With these preliminaries out of the way we can define $L\eta _ f$. Namely, by the discussion following Lemma 20.55.3 this section we have already a well defined functor
\[ K(\mathcal{T}) \xrightarrow {\eta _ f} K(\mathcal{T}) \to K(\mathcal{O}_ X) \to D(\mathcal{O}_ X) \]

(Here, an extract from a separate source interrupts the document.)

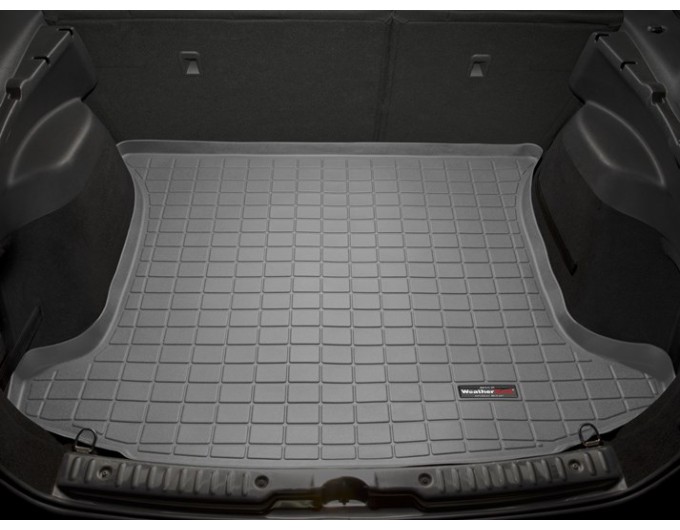 Коврик WeatherTech Grey для Peugeot 308 (mkI)(wagon)(trunk) 2008-2013, цена: 6 625 грн.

which according to Lemma 20.55.6 sends quasi-isomorphisms to quasi-isomorphisms. Hence this functor factors over $S^{-1}K(\mathcal{T}) = D(\mathcal{O}_ X)$ by Categories, Lemma 4.27.8. $\square$
[1] Beware that this functor isn't exact, i.e., does not transform distinguished triangles into distinguished triangles.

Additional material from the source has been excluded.